Work instruction:
The records that follow are to be repeated without alteration.

Short web captions:

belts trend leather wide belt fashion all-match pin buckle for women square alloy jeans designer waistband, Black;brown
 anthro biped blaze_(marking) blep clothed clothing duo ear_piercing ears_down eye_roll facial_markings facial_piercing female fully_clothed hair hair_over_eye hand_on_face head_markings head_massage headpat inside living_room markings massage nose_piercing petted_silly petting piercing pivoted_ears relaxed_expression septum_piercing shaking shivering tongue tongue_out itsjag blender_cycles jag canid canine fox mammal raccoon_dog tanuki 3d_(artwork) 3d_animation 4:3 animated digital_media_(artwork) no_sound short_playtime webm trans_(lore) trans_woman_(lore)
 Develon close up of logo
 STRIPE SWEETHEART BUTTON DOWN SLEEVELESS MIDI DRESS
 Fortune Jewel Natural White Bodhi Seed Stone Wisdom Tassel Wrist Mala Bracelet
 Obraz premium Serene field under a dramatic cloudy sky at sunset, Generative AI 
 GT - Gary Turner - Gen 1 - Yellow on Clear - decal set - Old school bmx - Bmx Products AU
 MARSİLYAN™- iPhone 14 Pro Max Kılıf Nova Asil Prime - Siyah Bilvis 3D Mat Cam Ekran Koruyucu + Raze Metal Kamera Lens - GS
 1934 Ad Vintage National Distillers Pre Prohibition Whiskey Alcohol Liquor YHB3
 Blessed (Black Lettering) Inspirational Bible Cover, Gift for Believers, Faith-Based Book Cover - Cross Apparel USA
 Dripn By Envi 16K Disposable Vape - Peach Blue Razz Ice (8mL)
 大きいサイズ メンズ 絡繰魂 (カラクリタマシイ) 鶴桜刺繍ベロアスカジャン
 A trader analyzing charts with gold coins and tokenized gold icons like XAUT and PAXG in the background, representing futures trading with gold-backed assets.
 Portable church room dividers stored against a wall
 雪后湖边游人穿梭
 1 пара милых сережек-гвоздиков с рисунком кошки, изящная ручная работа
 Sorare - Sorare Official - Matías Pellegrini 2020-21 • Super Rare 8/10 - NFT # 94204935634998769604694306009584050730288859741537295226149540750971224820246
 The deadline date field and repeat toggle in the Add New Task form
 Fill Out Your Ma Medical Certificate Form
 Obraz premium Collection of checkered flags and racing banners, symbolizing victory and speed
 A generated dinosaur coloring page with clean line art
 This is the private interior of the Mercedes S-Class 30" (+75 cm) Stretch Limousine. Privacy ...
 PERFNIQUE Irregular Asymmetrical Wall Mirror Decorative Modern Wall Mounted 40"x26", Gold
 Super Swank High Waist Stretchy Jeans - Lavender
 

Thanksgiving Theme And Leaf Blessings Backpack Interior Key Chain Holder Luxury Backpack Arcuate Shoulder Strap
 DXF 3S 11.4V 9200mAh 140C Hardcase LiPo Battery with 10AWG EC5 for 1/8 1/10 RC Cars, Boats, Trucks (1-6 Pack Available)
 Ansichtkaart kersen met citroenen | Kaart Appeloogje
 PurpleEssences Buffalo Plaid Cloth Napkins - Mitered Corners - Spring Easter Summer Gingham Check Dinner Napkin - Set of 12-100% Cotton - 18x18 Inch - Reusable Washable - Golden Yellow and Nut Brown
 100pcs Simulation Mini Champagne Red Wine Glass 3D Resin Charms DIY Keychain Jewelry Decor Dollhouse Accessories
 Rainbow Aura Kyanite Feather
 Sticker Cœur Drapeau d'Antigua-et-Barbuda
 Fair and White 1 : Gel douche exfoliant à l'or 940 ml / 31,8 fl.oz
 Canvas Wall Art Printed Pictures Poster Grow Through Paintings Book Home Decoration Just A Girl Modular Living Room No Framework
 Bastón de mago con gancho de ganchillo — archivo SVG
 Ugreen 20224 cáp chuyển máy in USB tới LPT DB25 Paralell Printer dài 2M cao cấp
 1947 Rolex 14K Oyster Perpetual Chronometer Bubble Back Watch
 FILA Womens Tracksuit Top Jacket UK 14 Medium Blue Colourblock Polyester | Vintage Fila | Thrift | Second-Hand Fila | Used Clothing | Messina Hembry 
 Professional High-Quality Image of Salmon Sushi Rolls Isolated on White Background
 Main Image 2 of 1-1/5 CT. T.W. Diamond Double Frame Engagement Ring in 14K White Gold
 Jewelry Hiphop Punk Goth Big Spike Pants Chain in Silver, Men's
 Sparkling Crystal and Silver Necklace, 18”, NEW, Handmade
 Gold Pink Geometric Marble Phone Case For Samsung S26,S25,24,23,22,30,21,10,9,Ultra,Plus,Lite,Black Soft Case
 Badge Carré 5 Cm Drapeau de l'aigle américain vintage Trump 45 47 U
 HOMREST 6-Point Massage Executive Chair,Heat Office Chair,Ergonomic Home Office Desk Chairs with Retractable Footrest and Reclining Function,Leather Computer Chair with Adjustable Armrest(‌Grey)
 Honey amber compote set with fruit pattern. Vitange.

Final answer:
belts trend leather wide belt fashion all-match pin buckle for women square alloy jeans designer waistband, Black;brown
 anthro biped blaze_(marking) blep clothed clothing duo ear_piercing ears_down eye_roll facial_markings facial_piercing female fully_clothed hair hair_over_eye hand_on_face head_markings head_massage headpat inside living_room markings massage nose_piercing petted_silly petting piercing pivoted_ears relaxed_expression septum_piercing shaking shivering tongue tongue_out itsjag blender_cycles jag canid canine fox mammal raccoon_dog tanuki 3d_(artwork) 3d_animation 4:3 animated digital_media_(artwork) no_sound short_playtime webm trans_(lore) trans_woman_(lore)
 Develon close up of logo
 STRIPE SWEETHEART BUTTON DOWN SLEEVELESS MIDI DRESS
 Fortune Jewel Natural White Bodhi Seed Stone Wisdom Tassel Wrist Mala Bracelet
 Obraz premium Serene field under a dramatic cloudy sky at sunset, Generative AI 
 GT - Gary Turner - Gen 1 - Yellow on Clear - decal set - Old school bmx - Bmx Products AU
 MARSİLYAN™- iPhone 14 Pro Max Kılıf Nova Asil Prime - Siyah Bilvis 3D Mat Cam Ekran Koruyucu + Raze Metal Kamera Lens - GS
 1934 Ad Vintage National Distillers Pre Prohibition Whiskey Alcohol Liquor YHB3
 Blessed (Black Lettering) Inspirational Bible Cover, Gift for Believers, Faith-Based Book Cover - Cross Apparel USA
 Dripn By Envi 16K Disposable Vape - Peach Blue Razz Ice (8mL)
 大きいサイズ メンズ 絡繰魂 (カラクリタマシイ) 鶴桜刺繍ベロアスカジャン
 A trader analyzing charts with gold coins and tokenized gold icons like XAUT and PAXG in the background, representing futures trading with gold-backed assets.
 Portable church room dividers stored against a wall
 雪后湖边游人穿梭
 1 пара милых сережек-гвоздиков с рисунком кошки, изящная ручная работа
 Sorare - Sorare Official - Matías Pellegrini 2020-21 • Super Rare 8/10 - NFT # 94204935634998769604694306009584050730288859741537295226149540750971224820246
 The deadline date field and repeat toggle in the Add New Task form
 Fill Out Your Ma Medical Certificate Form
 Obraz premium Collection of checkered flags and racing banners, symbolizing victory and speed
 A generated dinosaur coloring page with clean line art
 This is the private interior of the Mercedes S-Class 30" (+75 cm) Stretch Limousine. Privacy ...
 PERFNIQUE Irregular Asymmetrical Wall Mirror Decorative Modern Wall Mounted 40"x26", Gold
 Super Swank High Waist Stretchy Jeans - Lavender
 

Thanksgiving Theme And Leaf Blessings Backpack Interior Key Chain Holder Luxury Backpack Arcuate Shoulder Strap
 DXF 3S 11.4V 9200mAh 140C Hardcase LiPo Battery with 10AWG EC5 for 1/8 1/10 RC Cars, Boats, Trucks (1-6 Pack Available)
 Ansichtkaart kersen met citroenen | Kaart Appeloogje
 PurpleEssences Buffalo Plaid Cloth Napkins - Mitered Corners - Spring Easter Summer Gingham Check Dinner Napkin - Set of 12-100% Cotton - 18x18 Inch - Reusable Washable - Golden Yellow and Nut Brown
 100pcs Simulation Mini Champagne Red Wine Glass 3D Resin Charms DIY Keychain Jewelry Decor Dollhouse Accessories
 Rainbow Aura Kyanite Feather
 Sticker Cœur Drapeau d'Antigua-et-Barbuda
 Fair and White 1 : Gel douche exfoliant à l'or 940 ml / 31,8 fl.oz
 Canvas Wall Art Printed Pictures Poster Grow Through Paintings Book Home Decoration Just A Girl Modular Living Room No Framework
 Bastón de mago con gancho de ganchillo — archivo SVG
 Ugreen 20224 cáp chuyển máy in USB tới LPT DB25 Paralell Printer dài 2M cao cấp
 1947 Rolex 14K Oyster Perpetual Chronometer Bubble Back Watch
 FILA Womens Tracksuit Top Jacket UK 14 Medium Blue Colourblock Polyester | Vintage Fila | Thrift | Second-Hand Fila | Used Clothing | Messina Hembry 
 Professional High-Quality Image of Salmon Sushi Rolls Isolated on White Background
 Main Image 2 of 1-1/5 CT. T.W. Diamond Double Frame Engagement Ring in 14K White Gold
 Jewelry Hiphop Punk Goth Big Spike Pants Chain in Silver, Men's
 Sparkling Crystal and Silver Necklace, 18”, NEW, Handmade
 Gold Pink Geometric Marble Phone Case For Samsung S26,S25,24,23,22,30,21,10,9,Ultra,Plus,Lite,Black Soft Case
 Badge Carré 5 Cm Drapeau de l'aigle américain vintage Trump 45 47 U
 HOMREST 6-Point Massage Executive Chair,Heat Office Chair,Ergonomic Home Office Desk Chairs with Retractable Footrest and Reclining Function,Leather Computer Chair with Adjustable Armrest(‌Grey)
 Honey amber compote set with fruit pattern. Vitange.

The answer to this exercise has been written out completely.